No que tange à questão da vadiagem, outra questão inserida na proposta do novo Código Penal que foi alvo de alguma polémica nos debates do plenário, Teodoro Waty, disse, nas considerações finais que encerraram os debates do plenário em torno deste documento, que o proponente vai procurar satisfazer a vontade manifestada pelos parlamentares, que é no sentido de descriminar esta acção. Porém, ressalvou o facto de que a obrigação constitucional do Estado é de criar condições para que o cidadão tenha direito a trabalho, coisa diversa de emprego, contrariando assim posições manifestadas pela oposição segundo a qual existe vadiagem no país porque o Estado não consegue dar emprego a todos.
“Tal como na vadiagem, a Comissão acolhe, favoravelmente, o debate na generalidade, eliminando-se as disposições a seu respeito por faltarem fundamentos ético-sociais para a sua manutenção. Trata-se, registe-se, de uma contra-orientação aos esforços de extirpar este mal”, disse a fonte.
De modo a tranquilizar alguns deputados que “não viam com bons olhos” a criminalização da prostituição, Teodoro Waty disse, a propósito, que a prostituição que se quer punir é aquela que é exercida fazendo estremecer os alicerces da moral pública e que atenta os esforços dos contribuintes com milhões de dólares orçados para a saúde pública.
“Parece haver uma dose de incongruência, de investir milhões de dólares para prevenir a propagação de doenças infecto contagiosas e ter-se vergonha de punir quem as propaga, quando é possível prevenir”, lamentou o chefe do grupo proponente.

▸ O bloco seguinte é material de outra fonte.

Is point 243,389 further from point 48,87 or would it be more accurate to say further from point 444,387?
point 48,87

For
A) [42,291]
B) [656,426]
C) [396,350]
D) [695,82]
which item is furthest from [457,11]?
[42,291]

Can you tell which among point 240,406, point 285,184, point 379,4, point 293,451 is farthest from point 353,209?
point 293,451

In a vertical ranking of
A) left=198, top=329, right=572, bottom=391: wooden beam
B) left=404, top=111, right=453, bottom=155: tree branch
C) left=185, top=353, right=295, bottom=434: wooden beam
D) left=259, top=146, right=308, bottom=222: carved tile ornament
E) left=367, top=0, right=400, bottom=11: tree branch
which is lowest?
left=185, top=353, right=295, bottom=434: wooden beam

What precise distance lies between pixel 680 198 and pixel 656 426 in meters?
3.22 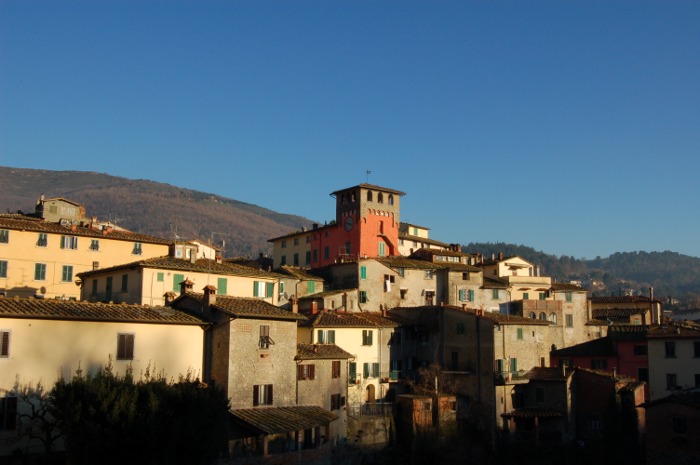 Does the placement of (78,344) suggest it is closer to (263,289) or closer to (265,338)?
(265,338)

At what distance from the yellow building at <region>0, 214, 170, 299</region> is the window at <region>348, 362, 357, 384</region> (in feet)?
65.6

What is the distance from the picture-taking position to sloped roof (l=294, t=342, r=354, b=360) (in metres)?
46.1

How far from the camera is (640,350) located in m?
65.2

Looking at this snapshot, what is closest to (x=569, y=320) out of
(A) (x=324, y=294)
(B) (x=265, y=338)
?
(A) (x=324, y=294)

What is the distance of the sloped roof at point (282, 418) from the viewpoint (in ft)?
127

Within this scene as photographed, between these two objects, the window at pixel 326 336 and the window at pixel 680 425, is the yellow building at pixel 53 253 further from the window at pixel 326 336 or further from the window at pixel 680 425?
the window at pixel 680 425

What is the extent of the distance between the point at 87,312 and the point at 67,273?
26407mm

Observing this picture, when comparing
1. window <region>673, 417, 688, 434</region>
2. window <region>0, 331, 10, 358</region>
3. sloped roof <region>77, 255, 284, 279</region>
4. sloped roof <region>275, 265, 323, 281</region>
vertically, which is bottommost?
window <region>673, 417, 688, 434</region>

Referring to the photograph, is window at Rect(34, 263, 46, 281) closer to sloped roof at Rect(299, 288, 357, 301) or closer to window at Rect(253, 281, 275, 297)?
window at Rect(253, 281, 275, 297)

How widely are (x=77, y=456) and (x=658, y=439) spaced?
38.0 m

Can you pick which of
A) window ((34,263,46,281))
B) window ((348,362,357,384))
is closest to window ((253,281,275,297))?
window ((348,362,357,384))

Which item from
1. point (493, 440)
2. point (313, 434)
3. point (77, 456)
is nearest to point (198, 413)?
point (77, 456)

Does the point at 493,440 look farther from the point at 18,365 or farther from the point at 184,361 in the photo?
the point at 18,365

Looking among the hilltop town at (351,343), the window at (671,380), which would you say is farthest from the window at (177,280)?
the window at (671,380) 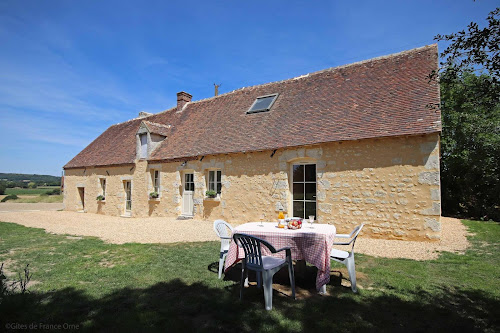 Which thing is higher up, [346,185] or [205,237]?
[346,185]

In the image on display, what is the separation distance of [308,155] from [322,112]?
1.72 meters

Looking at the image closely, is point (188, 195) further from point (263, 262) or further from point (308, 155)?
point (263, 262)

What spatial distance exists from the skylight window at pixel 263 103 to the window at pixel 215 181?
2.77 metres

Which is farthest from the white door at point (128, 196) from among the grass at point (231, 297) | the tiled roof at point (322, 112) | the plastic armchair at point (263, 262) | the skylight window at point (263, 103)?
the plastic armchair at point (263, 262)

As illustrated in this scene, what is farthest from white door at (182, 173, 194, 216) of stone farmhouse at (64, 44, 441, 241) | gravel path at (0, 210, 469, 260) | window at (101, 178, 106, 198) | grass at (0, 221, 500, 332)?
window at (101, 178, 106, 198)

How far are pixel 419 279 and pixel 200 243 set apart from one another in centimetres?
442

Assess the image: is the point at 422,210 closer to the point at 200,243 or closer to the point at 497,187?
the point at 200,243

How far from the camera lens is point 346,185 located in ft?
25.2

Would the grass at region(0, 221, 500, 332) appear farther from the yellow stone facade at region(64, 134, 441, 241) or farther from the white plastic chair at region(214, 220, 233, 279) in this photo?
the yellow stone facade at region(64, 134, 441, 241)

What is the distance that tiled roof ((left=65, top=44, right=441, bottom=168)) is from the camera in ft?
24.5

No que concerne à pornografia, outro tema de destaque nos debates do novo Código penal, Waty afirmou que se interrogou sobre o facto de se ter defendido a não penalização da prostituição, elemento que, no seu dizer, é a base da pornografia. “Afinal o que torna vil a pornografia se os actos que nele tratam não ofendem o legislador?”, questionou, reagindo, particularmente, às intervenções de alguns parlamentares da oposição para depois apelar para a necessidade “do legislador ter de ser lógico”.
Waty também pediu alguma coerência no que se refere à questão de embriaguez. Segundo disse, o projecto em causa procura punir aquele que se apresentar, em lugar público, com indícios de embriaguez, romper os freios morais, pondo em perigo a segurança própria ou alheia em virtude de ingestão ou consumo de bebidas alcoólicas ou outras substâncias.
“Vossas excelências dizem para não se criminalizar a embriaguez por ser “importante um estudo profundo das causas, o envolvimento da família e a criação de condições apropriadas para a ocupação dos jovens, tais como emprego e lugares de diversão”. Já se vê que esta casa (AR) acha que a causa é a falta de emprego, a falta de criação de condições para a ocupação dos jovens e o facto de o álcool ser legal”, afirmou o deputado Waty.
Com vista a desmistificar esta posição, o presidente da Comissão dos Assuntos Constitucionais convidou os seus pares a visitarem, de 20 de Dezembro a 2 de Janeiro, a esquadra mais próxima para ver quantos acidentes houve, quantas mortes e quantos danos a infra-estruturas públicas e privadas são registados. Também convidou os deputados a visitarem os doentes internados nos hospitais como consequência de embriaguez.
“A embriaguez, caros colegas, é uma forma de destruição lenta da sociedade. O facto de ser uma destruição doce, não deixa de ser perniciosa. O álcool é uma droga”, defendeu.